In the dramatic message that President Franklin Roosevelt delivered to Congress on Dec. 8, 1941, he told Americans:
Yesterday, December 7, 1941, a date which will live in infamy, the United States of America was suddenly and deliberately attacked by naval and air forces of the Empire of Japan.
President Roosevelt then asked Congress to declare war on Japan, a request that was approved by lawmakers, with only one “nay” vote.
If you ever have the opportunity, visit USS Arizona Memorial.
You can hear news reports about the attack and some of President Roosevelt’s “Day of Infamy” speech in the first minute of the following video:
As reported by the SpaceCoast Daily, the Japanese attack actually began before the bombing. Japan launched five midget submarines near Pearl Harbor the night before the attack.
One of those submarines was first seen by the USCG Condor at 3:50 a.m., about two miles from the harbor’s entrance.

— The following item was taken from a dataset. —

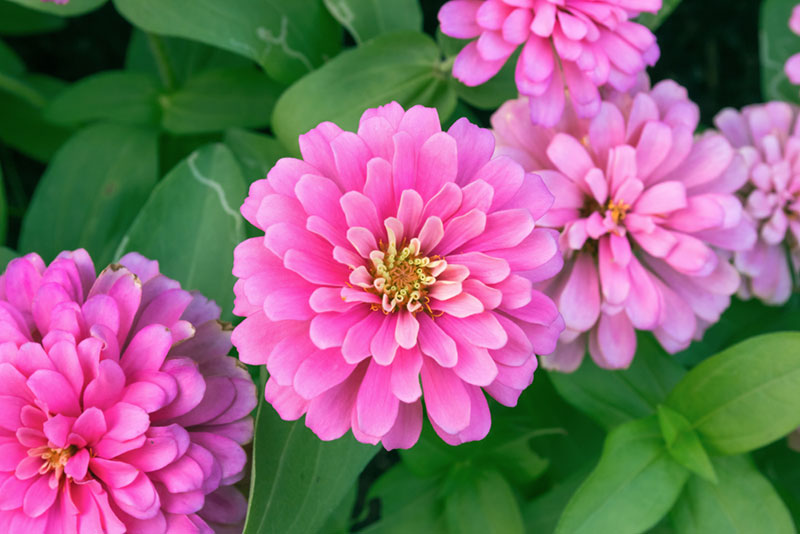 Pink Zinnia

The Condor notified the USS Ward, which spotted the sub tailing the USS Antares into the harbor, opened fire and sank it. About an hour later, the air attack began.
Americans sank two other Japanese subs during the battle. One was found in the harbor and eventually salvaged. The second was found off the harbor entrance in 1960 and is now on display in Japan. A fourth Japanese sub called the Ha-19 never made it into the harbor and instead drifted around until it was captured near Oahu the next day. It was recovered immediately and is now on exhibit in Fredericksburg, Texas.
The sub that initiated the Pearl Harbor attack wasn’t found until 2002, when crews discovered it in deep water about five miles from the harbor’s entrance. It remains there as part of the Pearl Harbor National Historic Landmark. A fifth Japanese sub that was launched that day was never found.